The professor gives a bombastic introduction in the above article like “This is a transformation on the scale of the shift, more than 8,000 years ago, from nomadic hunter-gatherer societies to settled agricultural ones, which eventually led to the rise of cities. … What is already clear, however, is that, like previous transformations, this one will involve a fundamental change in all of our economic relations and the social relations that support them.” (emphasis added).

He goes on (emphasis added): “individuals pursuing their own self-interest will, as Adam Smith put it, be led, “as if by an invisible hand,” to serve the public interest as well. According to this view, everyone is Homo economicus: a self-interested, fully rational individualist.”  

Well, the Invisible Hand has been mocked and ridiculed many times by prominent economists and others since. Prof. Snower is also, probably deliberately, prone to a fundamental misunderstanding of the human individual and the Invisible Hand as expounded by the Scottish Adam Smith (How I wish Scotland had gone independent yesterday, i.e. 9/18/2014).

Now, Prof. Snower tells us (emphasis added): “But, as past “great transformations” demonstrate, this approach is inadequate, because it neglects the social underpinnings of market economies. In such economies, contracts tend to be honored voluntarily, not through coercive enforcement. What makes these economies function is not a policeman protecting every shop window, but rather people’s trust, fairness, and fellow-feeling to honor promises and obey the prevailing rules.
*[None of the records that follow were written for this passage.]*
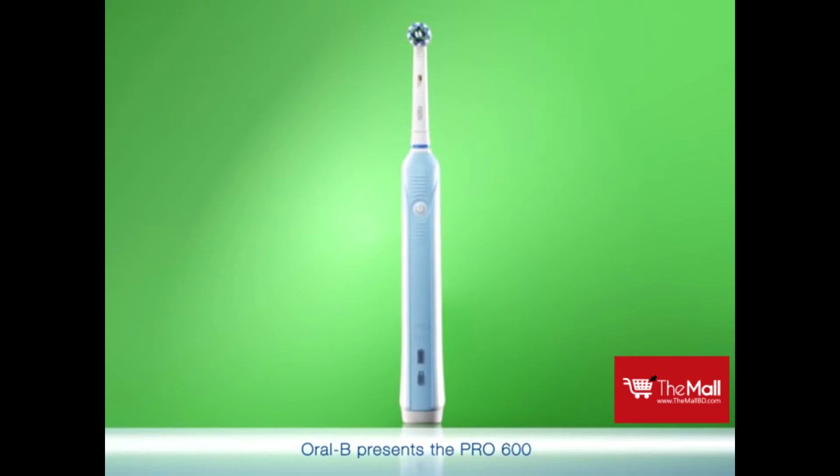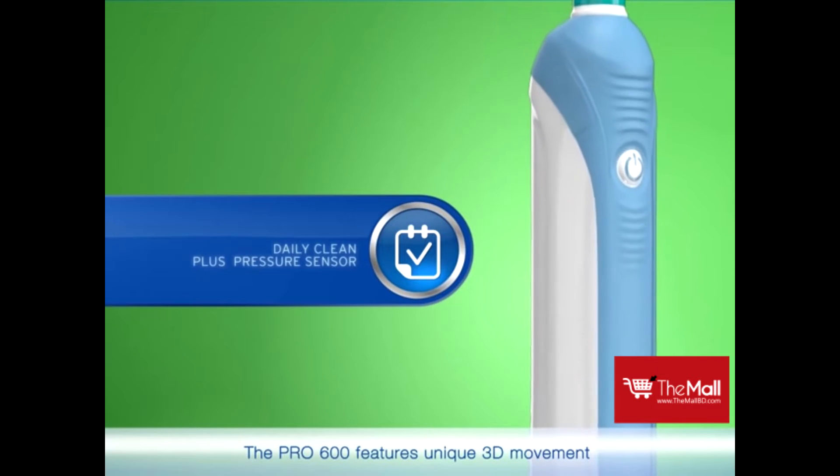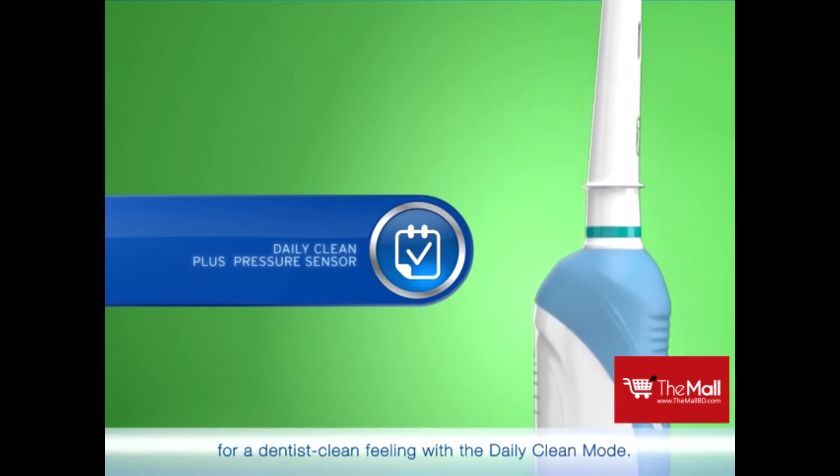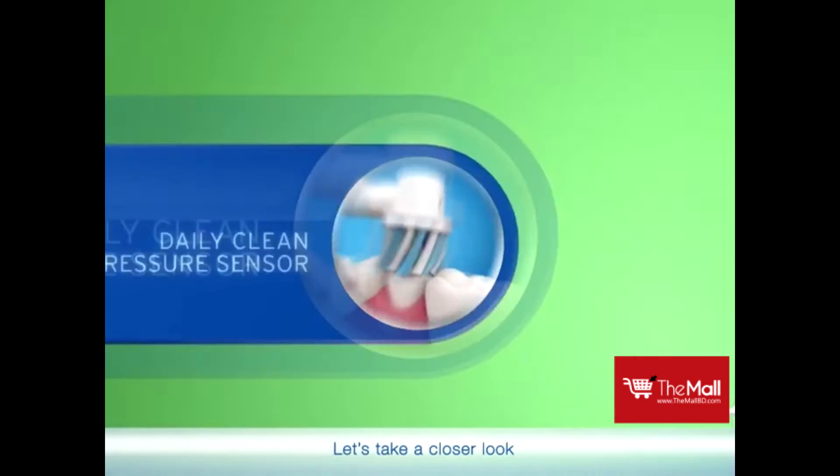Oral-B presents the Pro 600, which helps you get the clean you need. The Pro 600 features unique 3D movement for a dentist clean feeling with the daily clean mode. It also includes a pressure sensor. Let's take a closer look.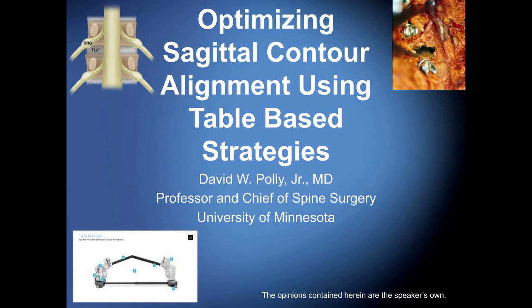Welcome everyone to today's webinar, Best Practices for Spine Surgery Using a Motorized Hinge Table, sponsored by Mizuho OSI. I am Margo Vasselli with Becker's Healthcare. Before we begin, I'd like to go over a few housekeeping items. You can submit questions throughout the presentation by typing them into the Q&A box on your screen. This webinar is being recorded and will be available on demand following today's event using the same link you used to log in.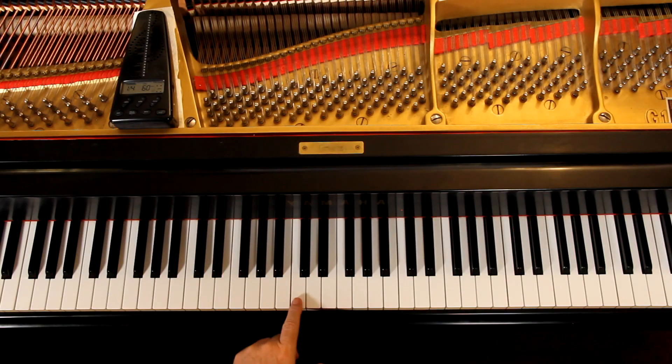This D is sitting on top of that line where middle C is — the line goes through middle C. The D is just above the line. And that's this D.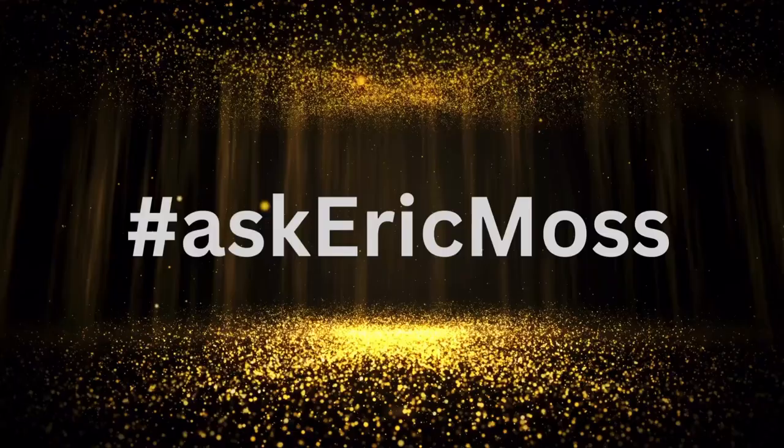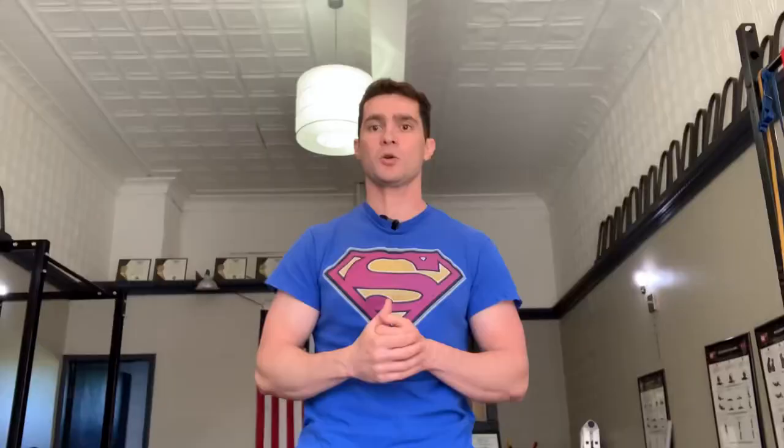Being a modern day performing strongman, and the fact that there's not a whole lot of us around these days to answer these questions, and in an effort to generate content for my YouTube channel, I started a YouTube series called Ask Eric Moss, where I invite you to ask me a question by dropping it in the comments below. And when you do that, I come back to you with your very own custom video just for you. Pretty cool, right?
Where this social glue is lacking – such as between Israelis and Palestinians – people cannot exploit all of the available economic opportunities. … In short, mainstream economics – and the concept of homo economicusrecognizes only half of what makes us human. We are undoubtedly motivated by self-interest. But we are also fundamentally social creatures.

I don’t think that Adam Smith or any other non mainstream economist according to Prof. Snower neglected the “social underpinnings” as Prof. Snower sees it.

The above reference to the lacking social glue between Israelis and Palestinians by Prof. Snower is incredibly naive and pathetic!

Mainstream Economics According To Snower

The salient excerpt from the article above (emphasis added): “Mainstream economics offers a straightforward analysis of and policy response to such a transformation. Whenever technological or other changes allow for people to be compensated for the benefits that they confer on one another (minus the costs), the price-based market system can adjust. When the changes create externalities, economic restructuring is required – say, adjustments in taxes and subsidies, regulatory shifts, or property-rights upgrading – to offset the costs and benefits for which the market cannot compensate. And when the changes give rise to particularly high levels of inequality, redistributive measures are needed.”

Professor Snower is clearly a big government and authoritarian economist. I don’t have the time to elaborate further here, but to anyone with a brain this is clear from this excerpt.
I would also strongly argue what Professor Snower sells here as “mainstream economics” is anything but mainstream. Who determines what externalities are or high levels of inequality? Are government redistributive measures really called for?

Emphasis Added

I am always wondering why so many people as prominent as Professor Snower do not bother to add emphasis to parts of their article where they think the import of their opinion lies. It would greatly help Human Economicus to quickly figure out where the person is coming from and not waste time and effort by having to read the whole article.